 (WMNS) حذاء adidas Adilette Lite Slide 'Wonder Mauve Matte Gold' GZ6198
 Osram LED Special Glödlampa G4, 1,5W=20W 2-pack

-----

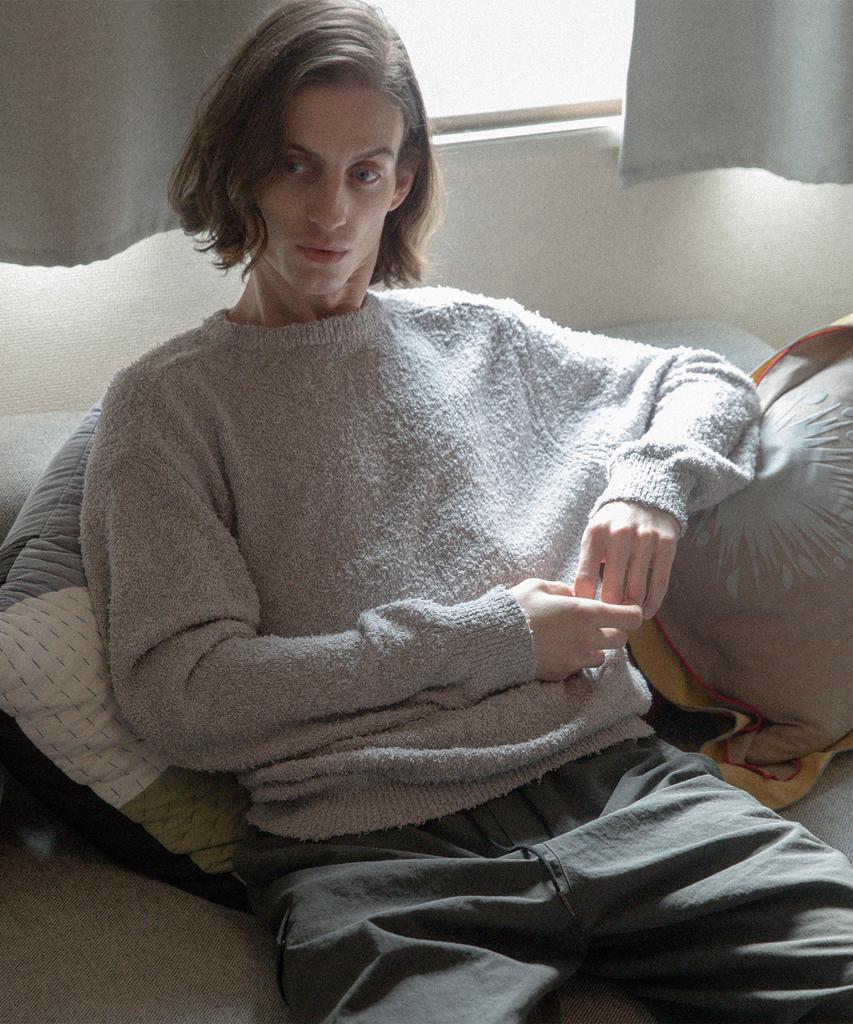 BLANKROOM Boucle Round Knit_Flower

-----

## WHAT THE TASK ASKS
Everything in the material above from the line that has "(WMNS) حذاء adidas" through the line that has "Osram LED Special" must be duplicated exactly, with no other lines given.

## TASK RESULT
 (WMNS) حذاء adidas Adilette Lite Slide 'Wonder Mauve Matte Gold' GZ6198
 Osram LED Special Glödlampa G4, 1,5W=20W 2-pack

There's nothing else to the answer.